WHAT TO WORK ON. With the pictures removed, write out the full listing below exactly.

RECORDS FOR THIS EXERCISE.
+ + +

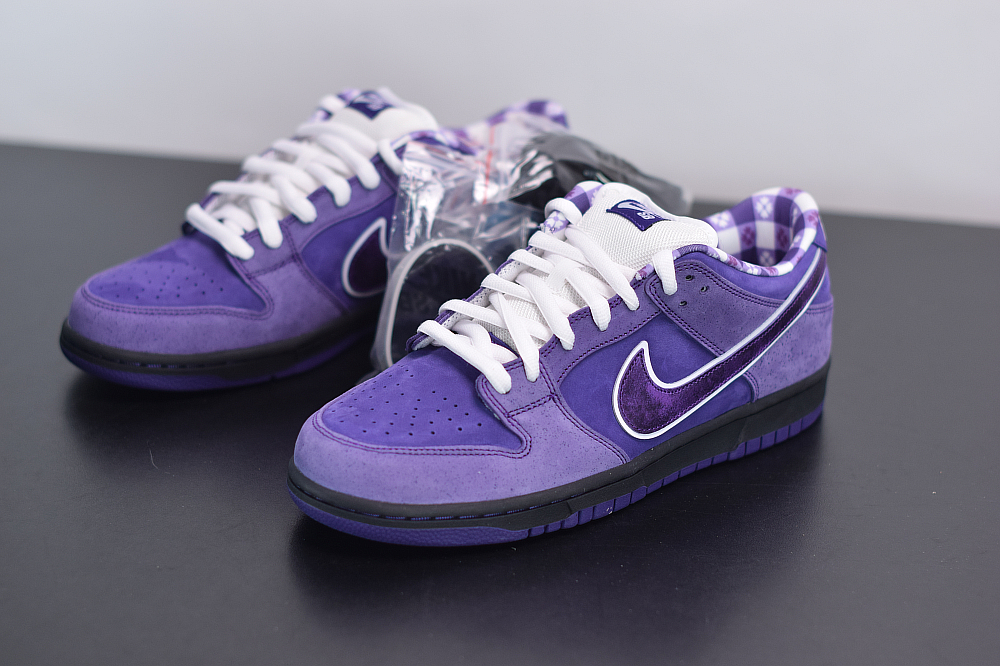 SB dunk purple,Fashion sports shoes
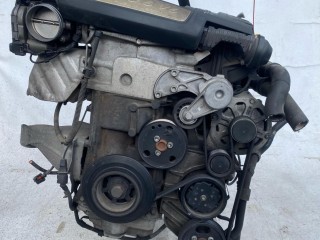 Двигатель Porsche Cayenne 957 2007-2010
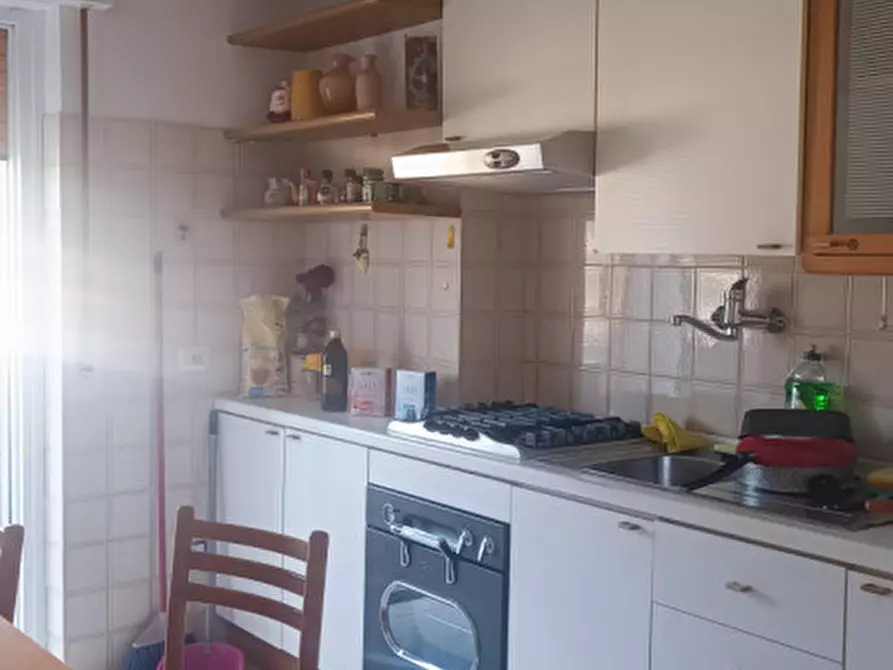 Immagine 2 di Camera in affitto  in VIA G. FERRI a Sora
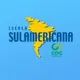 Logo - Escola Sulamericana Coc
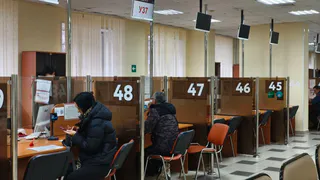 Жителям Пензенской области помогут оформить дома, построенные до 1998 года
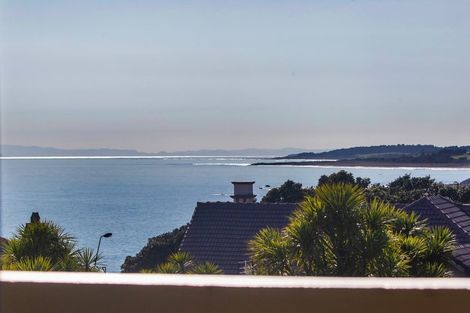 Photo of property in 50/127 Saint Aubyn Street, New Plymouth, 4310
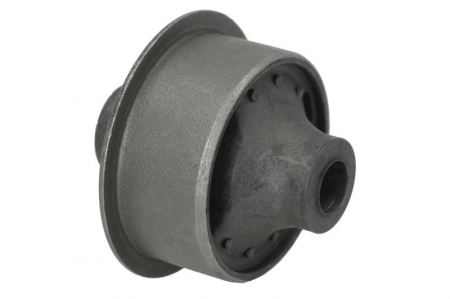 Piese Auto - Suport trapez fata Spate Dreapta/Stanga (x55) potrivit TOYOTA PLATZ, WILL CYPHA I, YARIS, YARIS VERSO 1.0-1.5 04.99-11.05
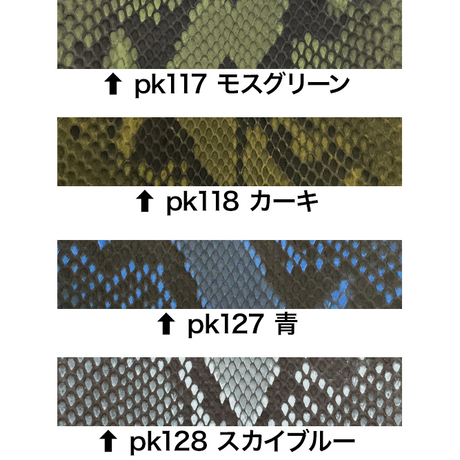 5f89697794f3ae088b98e5a0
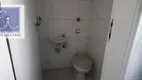 Foto 29 de Apartamento com 3 Quartos para venda ou aluguel, 129m² em Vila Adyana, São José dos Campos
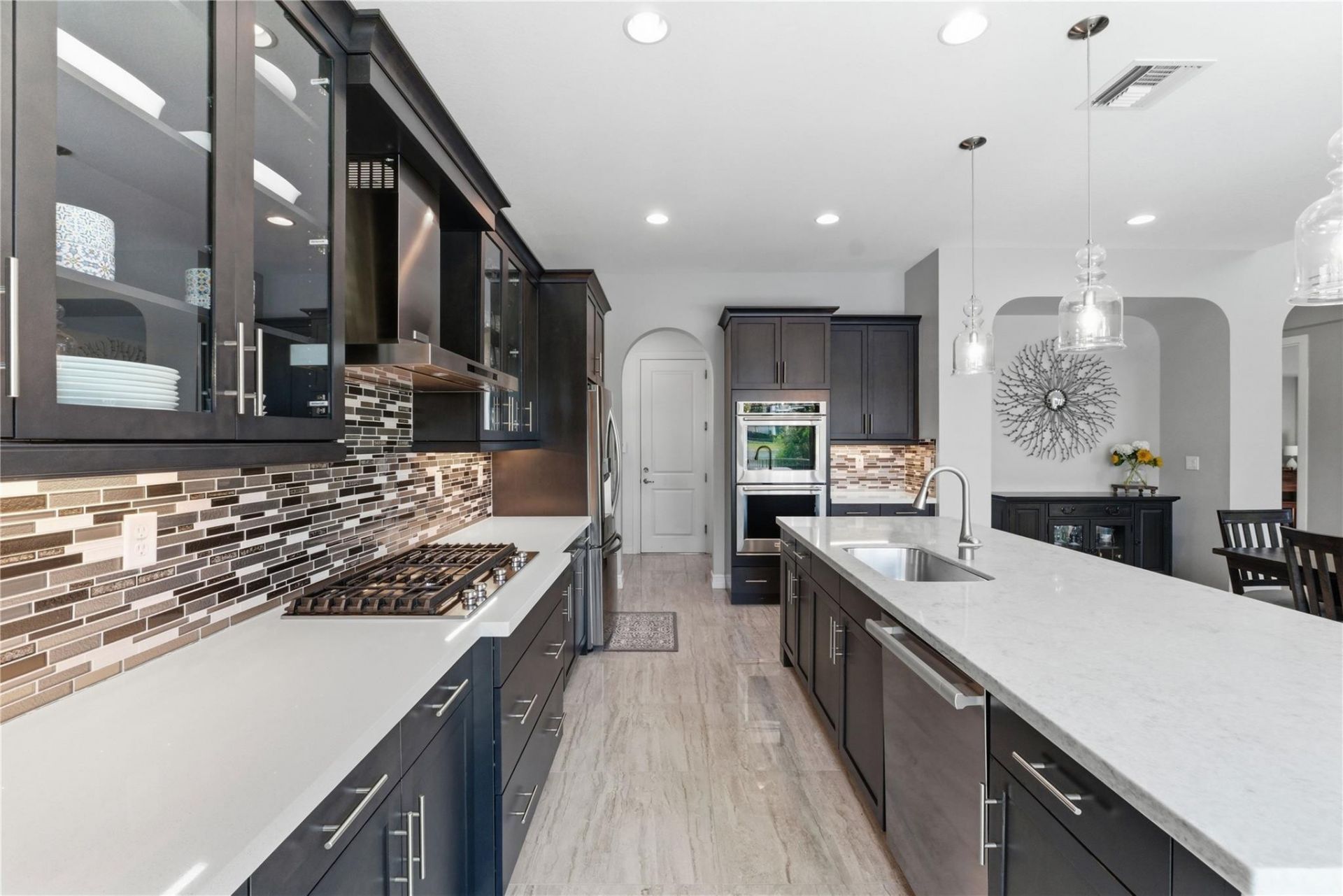 11520 Horizon Road, Parkland, FL 33076 Photo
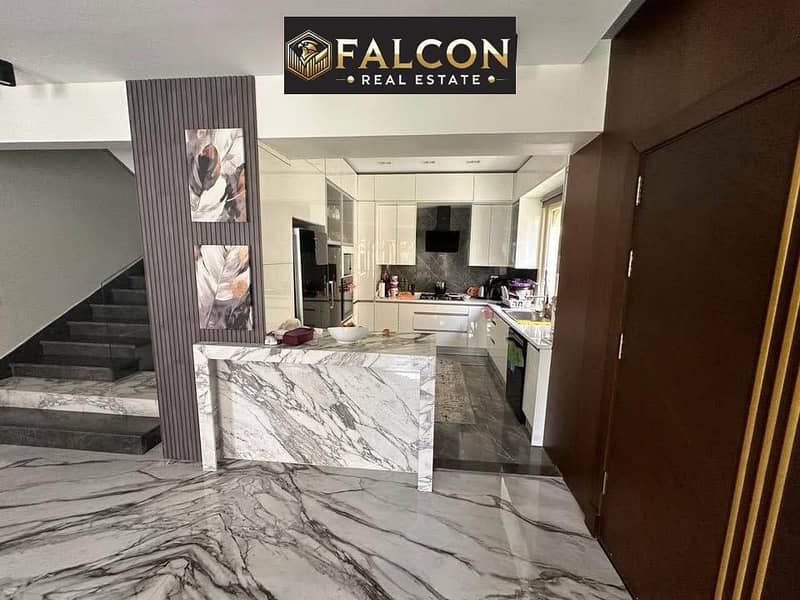 6 516797238_122135662796657264_5787897039911768159_n. jpg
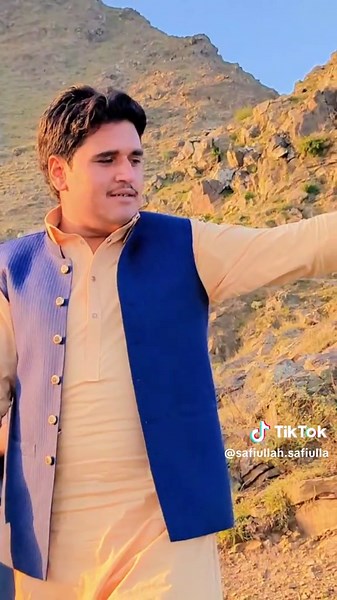 safiullah safiullah khan (@safiullah.safiulla)’s videos with original sound - safiullah safiullah khan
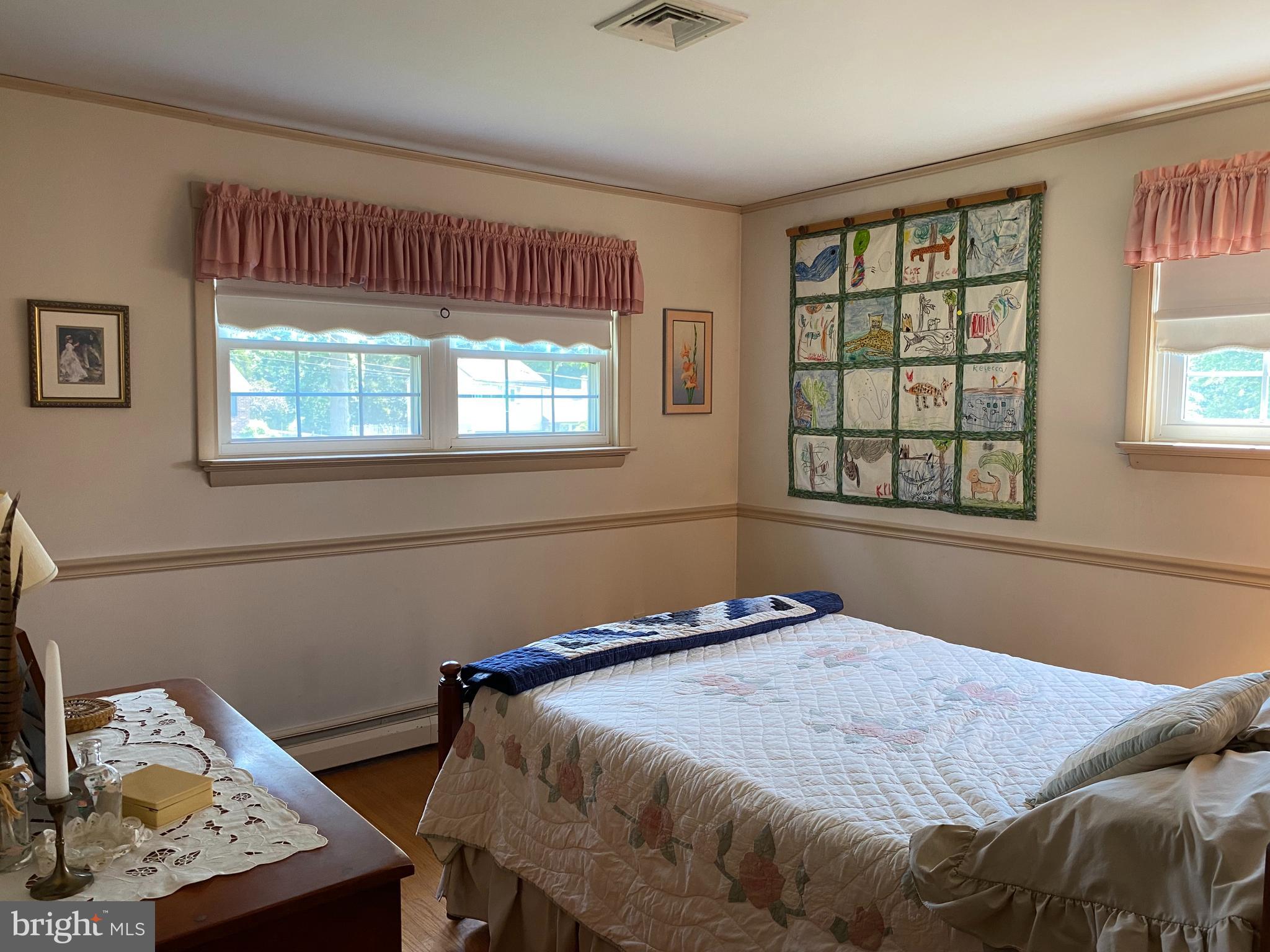 607 Lisa Road Norristown, PA 19403 - Photo 14 of 24 Gallery Image 14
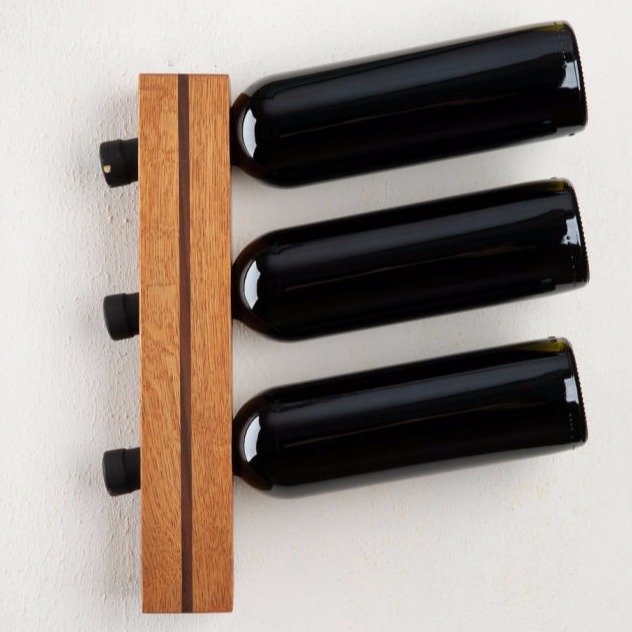 Винная полка T3O32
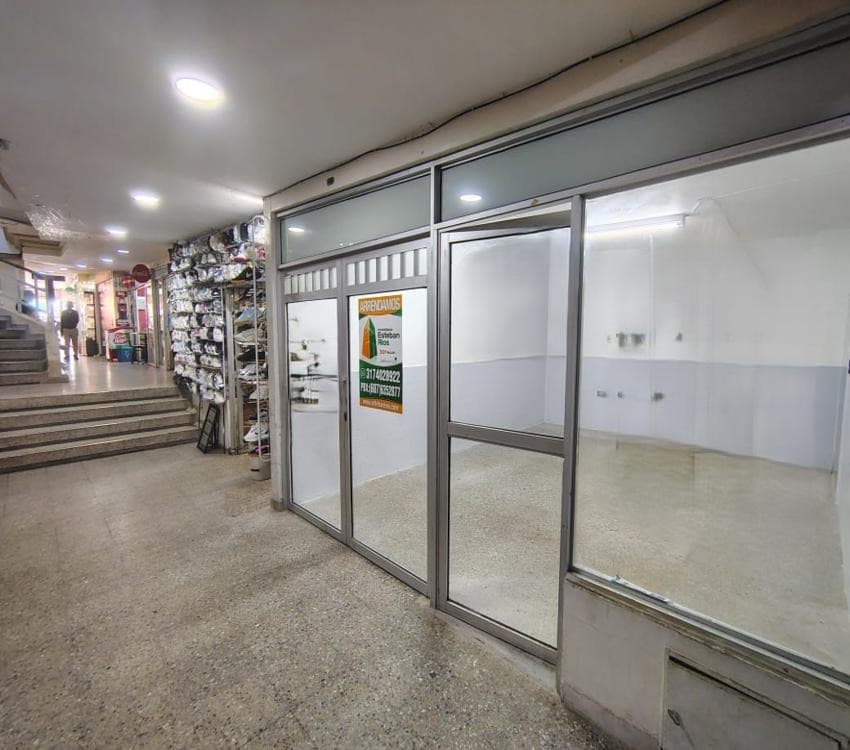 foto del inmueble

+ + +

ANSWER FOR THIS EXERCISE.
 SB dunk purple,Fashion sports shoes
 Двигатель Porsche Cayenne 957 2007-2010
 Immagine 2 di Camera in affitto  in VIA G. FERRI a Sora
 Logo - Escola Sulamericana Coc
 Жителям Пензенской области помогут оформить дома, построенные до 1998 года
 Photo of property in 50/127 Saint Aubyn Street, New Plymouth, 4310
 Piese Auto - Suport trapez fata Spate Dreapta/Stanga (x55) potrivit TOYOTA PLATZ, WILL CYPHA I, YARIS, YARIS VERSO 1.0-1.5 04.99-11.05
 5f89697794f3ae088b98e5a0
 Foto 29 de Apartamento com 3 Quartos para venda ou aluguel, 129m² em Vila Adyana, São José dos Campos
 11520 Horizon Road, Parkland, FL 33076 Photo
 6 516797238_122135662796657264_5787897039911768159_n. jpg
 safiullah safiullah khan (@safiullah.safiulla)’s videos with original sound - safiullah safiullah khan
 607 Lisa Road Norristown, PA 19403 - Photo 14 of 24 Gallery Image 14
 Винная полка T3O32
 foto del inmueble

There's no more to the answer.